RECORDED INFORMATION Start Marker

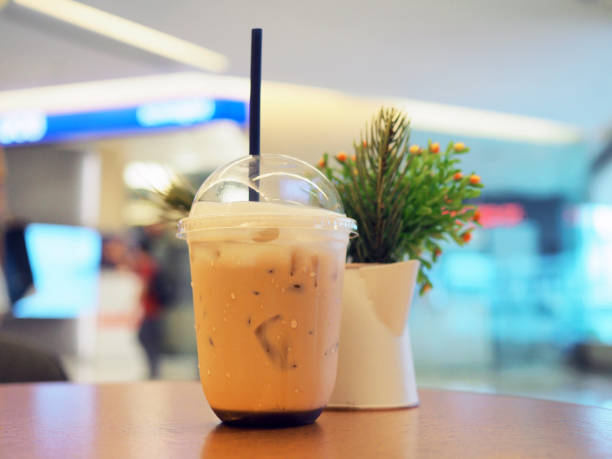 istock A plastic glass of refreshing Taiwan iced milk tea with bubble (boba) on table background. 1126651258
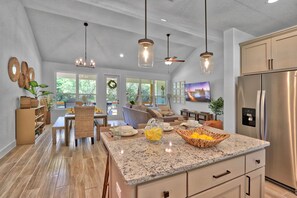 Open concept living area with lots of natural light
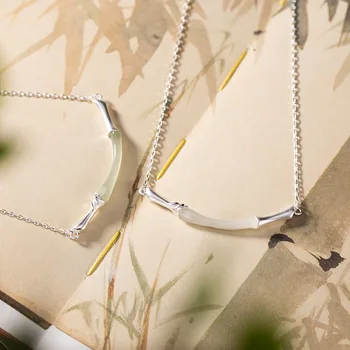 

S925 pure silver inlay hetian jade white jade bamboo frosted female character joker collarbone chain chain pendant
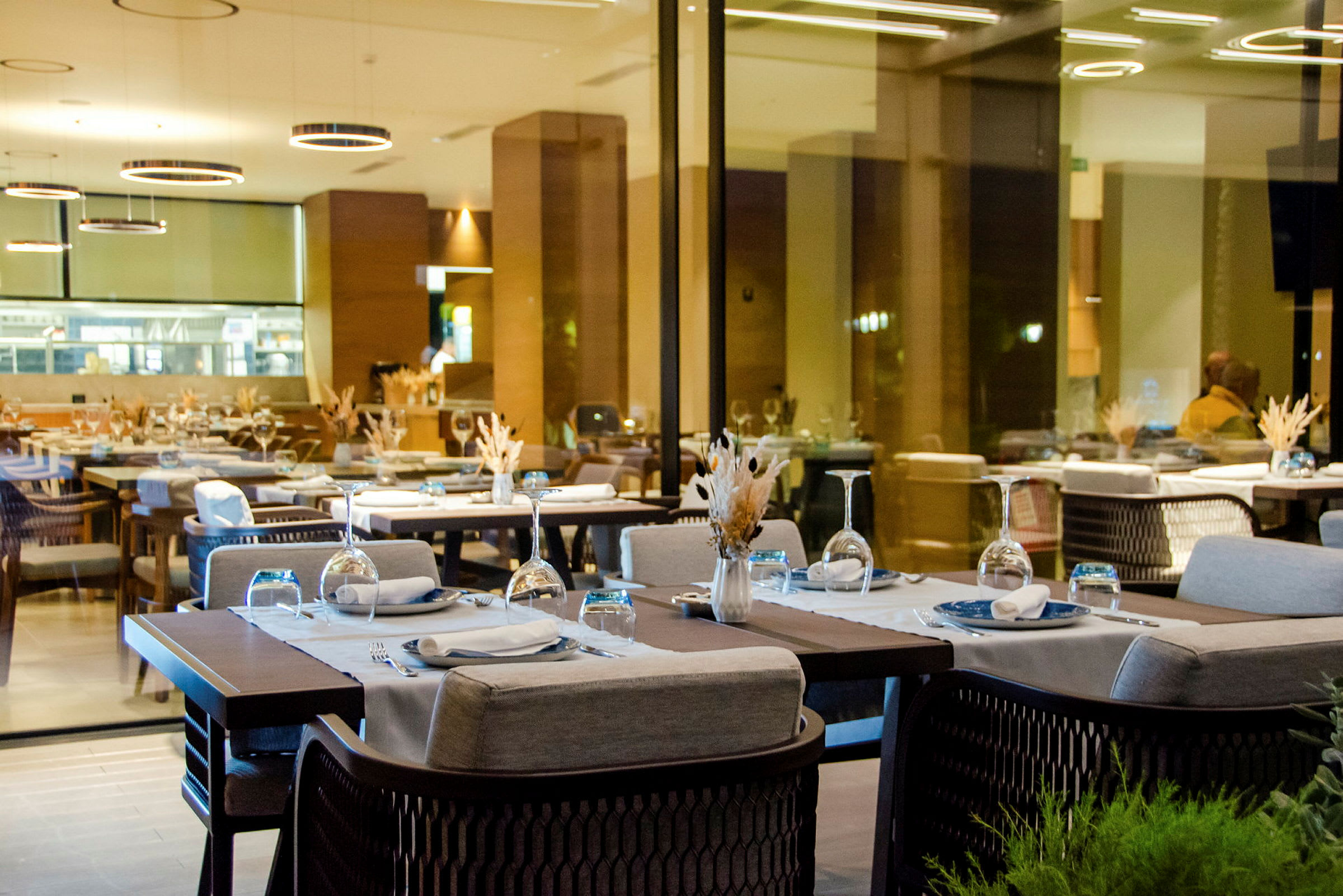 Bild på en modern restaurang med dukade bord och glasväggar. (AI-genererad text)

RECORDED INFORMATION End Marker
RECORDED INFORMATION Start Marker

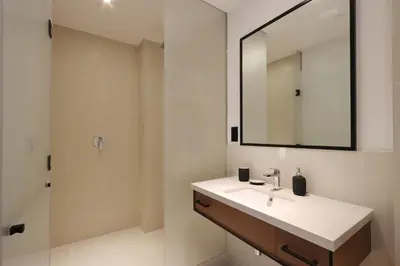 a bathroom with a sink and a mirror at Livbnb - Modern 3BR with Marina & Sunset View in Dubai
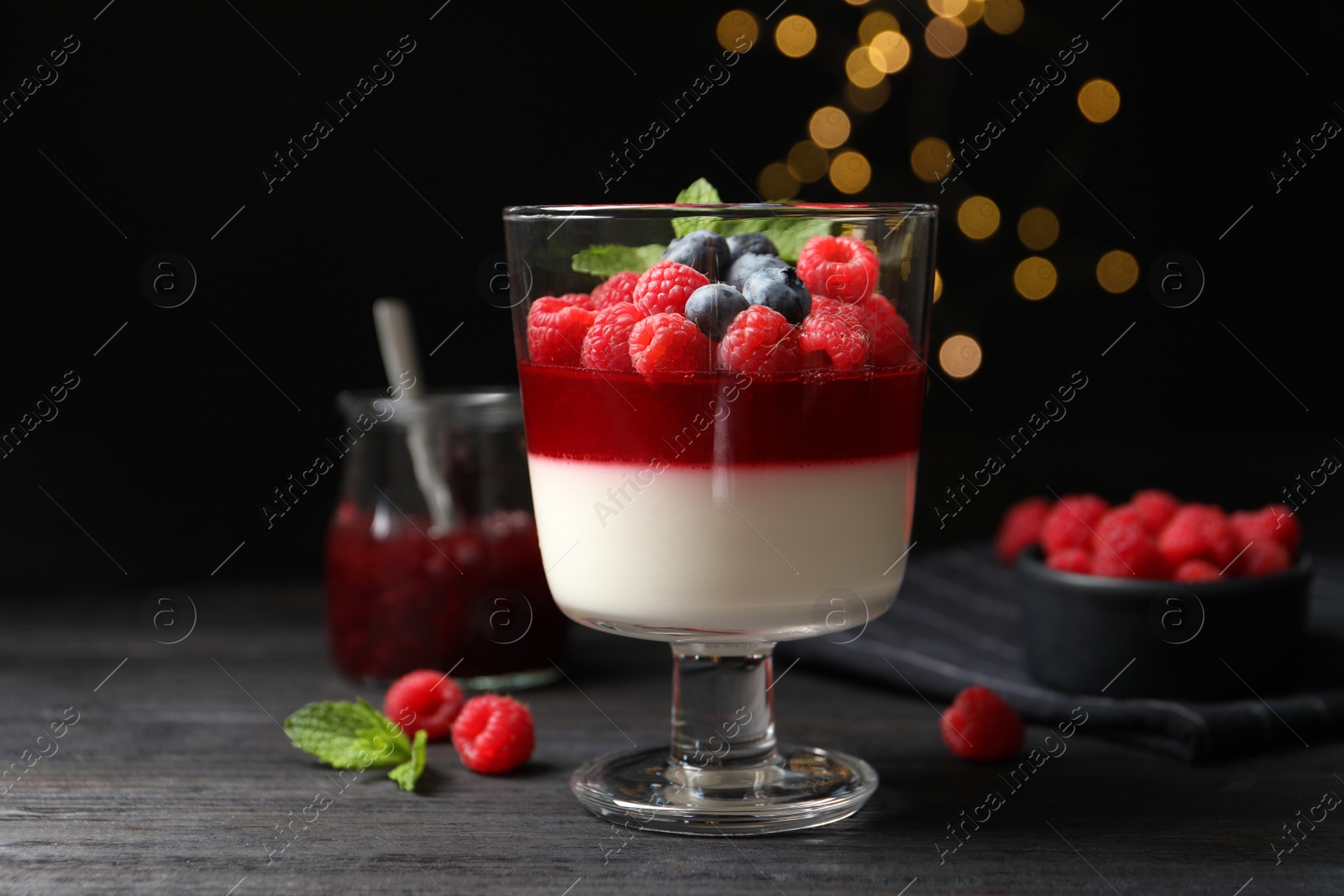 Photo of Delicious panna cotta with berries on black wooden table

RECORDED INFORMATION End Marker

# YOUR ASSIGNMENT
Could you output exactly the lines above, from the line with "istock A plastic" up to and including the line with "Bild på en modern", and nothing else, skipping the pictures?

# FINAL ANSWER
 istock A plastic glass of refreshing Taiwan iced milk tea with bubble (boba) on table background. 1126651258
 Open concept living area with lots of natural light

S925 pure silver inlay hetian jade white jade bamboo frosted female character joker collarbone chain chain pendant
 Bild på en modern restaurang med dukade bord och glasväggar. (AI-genererad text)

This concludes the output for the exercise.